To meet the challenges, we don’t need to send millions back to college. We need to create flexible, free paths to hiring, many of which would start in high school and extend through life. Our economy needs low-cost online mechanisms for letting people demonstrate what they know. Imagine a model where capability, not how many hours students sit in class, is what matters; where demonstrated skills earn them credit and where employers recognize those credits as evidence of readiness to enter an apprenticeship program in the trades, health care, hospitality or new categories of white-collar jobs that might emerge.
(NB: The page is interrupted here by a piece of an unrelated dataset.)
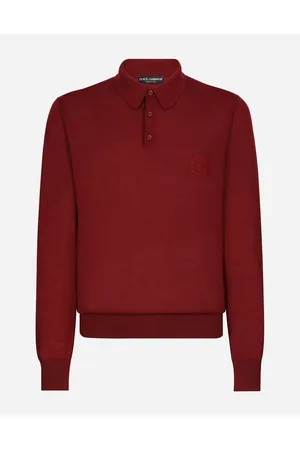 Dolce & Gabbana Maglia Polo In Cashmere Ricamo Logo Dg - Uomo Maglieria Bordeaux Cashmere 48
I’ve spent nearly two decades trying to help people learn at every age. I’ve seen how many people aren’t able to enter growing fields because they lack basic science, reading comprehension and math skills that should be mastered by high school (but unfortunately often aren’t). And I’ve also seen what becomes possible when people are given access to free education that meets them where they are, helping them to learn at their own pace. The same approach can equip workers to prepare for new careers.
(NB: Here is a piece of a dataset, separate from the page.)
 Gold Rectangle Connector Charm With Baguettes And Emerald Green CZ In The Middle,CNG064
Millions of jobs will be waiting for them. The U.S. Bureau of Labor Statistics projects nearly two million open health care jobs each year for the next decade. UNESCO estimates a global shortage of 44 million teachers by 2030. The construction industry needs more than 500,000 additional workers annually just to meet demand, and openings for electricians and plumbers are growing faster than average. The hospitality and elder care industries — work rooted in empathy and presence — are expanding, not shrinking. There is no shortage of meaningful work — only a shortage of pathways into it.

Sal Khan is the C.E.O. of Khan Academy and the vision steward at TED, both nonprofits that provide free online education for more than 200 million learners globally.